“Fasting Diet for Diabetes ‘Could
Repair Pancreas’” is the full title of a WebMD Health piece by Peter Russell in
Medscape
Medical News. Note that the ‘could repair pancreas’ is within single
quotation marks. Still, the headline is provocative and got my attention. After all, you only get one pancreas, and by
the time most people are diagnosed as Type 2 diabetics, a substantial part (up to 80%) of the insulin producing cells in the
pancreas have been destroyed. And the evidence is scant that the pancreas can
or does create new beta cells.
Thus, as the lede states,
“‘Rebooting’ the organ in this way could help [these] insulin-producing cells
to repair themselves and start producing the hormone.” “This way” refers to a
diet of “a very limited number of high-fat calories.” The researchers compared
this restricted-calorie, high-fat diet with biomarkers associated with a
water-only diet and found it had “the same physiological effects on the body as
more extreme fasting.” Thus, they called the restricted-calorie, high-fat diet
a “fasting–mimicking diet.” Alas, the study was done on mice.
Nevertheless, the study, published
in the journal Cell, said that
“during periods of fasting, the cells go into ‘standby’ mode.

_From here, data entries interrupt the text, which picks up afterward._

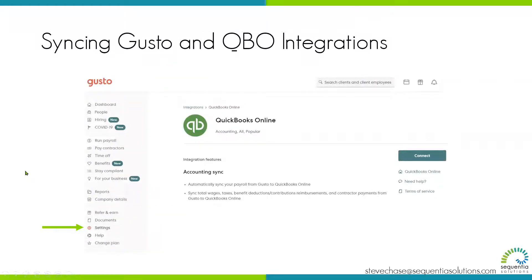Log into your Gusto account. You can click on the Settings button on the left and then you'll see a bunch of apps. Just click on the Popular Apps. Once you're in Popular Apps, you should see QuickBooks right away. Select Connect.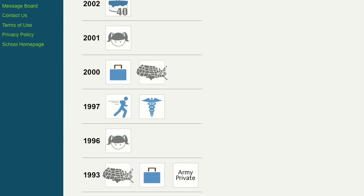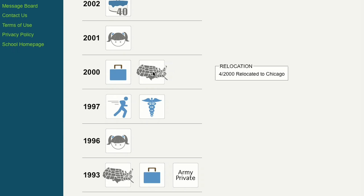Once you have completed an entry, click the Timeline button to see this event added to your life events timeline.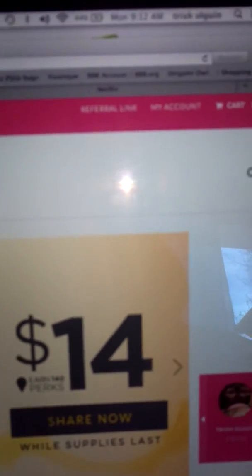So when you log into your website, at the very top, you're going to see a button that says referral link. I'm sure you guys have all seen it. If you're a customer, you're going to see the very same thing.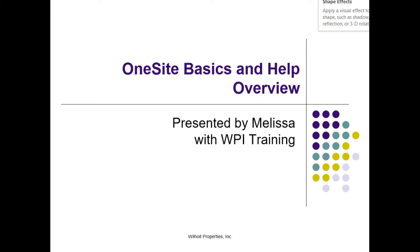Hi, this is Melissa with Wilhoy Training. I want to take a few minutes to show some basics of OneSite, which is a product of RealPage.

Then when feeding
begins again, new cells are produced that have the potential to become
insulin-producing.” “New cells” is hopeful; “potential” a lot less so…but it is
still worth further investigation.
Medscape also reported: “The
research team, led by the University of Southern California, says that
laboratory tests on tissue samples from people with type 1 diabetes produced
similar effects.” Now that IS promising. But this piece, “intended
for a consumer audience,” was pretty thin, so I referred to the full article in Cell.
Quote:
“In consideration of the challenges and side effects
associated with prolonged fasting in humans, we developed a low-calorie,
low-protein and low-carbohydrate but high-fat 4-day fasting mimicking diet
(FMD) that causes changes in the levels of specific growth factors, glucose,
and ketone bodies similar to those caused by water-only fasting. Here, we
examine whether cycles of the FMD are able to promote the generation of
insulin-producing β cells and investigate the mechanisms responsible for these
effects,” the researchers say.
The diet: “…a
low-calorie, low-protein and low-carbohydrate but high-fat 4-day fasting
mimicking diet…”
Well, the rest of the article in Cell is way over my head, but some aspects of the premise, the
findings, and the discussion were comprehensible to me, so I will try to convey
a bit of the essence in these excerpted quotes:
“The ability of animals to survive food deprivation is an
adaptive response accompanied by the atrophy of many tissues and organs to
minimize energy expenditure.” This is related to autophagy, a well known process.
“Stem-cell-based therapies can potentially reverse organ
dysfunction and diseases, but the removal of impaired tissue and activation of
a program leading to organ regeneration pose major challenges.”
“In mice, a 4-day fasting mimicking diet (FMD) induces a
stepwise expression of [certain genes], followed by [another gene]-driven
generation of insulin producing ß [beta] cells, resembling that observed during
pancreatic development.” The researchers focused on fetal pancreatic
development in both mice and humans.
“FMD cycles restore insulin secretion and glucose
homeostasis in both T1 and T2 diabetes in mouse models.”
“Fasting conditions reduce [certain intracellular
signaling pathways that are central regulators of cell metabolism] and induce
[gene] expression and insulin production”
“These results indicate that a FMD
promotes the reprogramming of pancreatic cells to restore insulin generation in
islets from T1D patients and reverse both T1D and T2D phenotypes in mouse
models.”
So far I’m up to
fasting 2 and at times 3 days a week. It’s easy. So, I’m not averse to trying a
fasting-mimicking-diet (FMD) cycle that “entails [a] 4-day FMD cycle and up to
10 days of re-feeding.” That’s like every 2-weeks!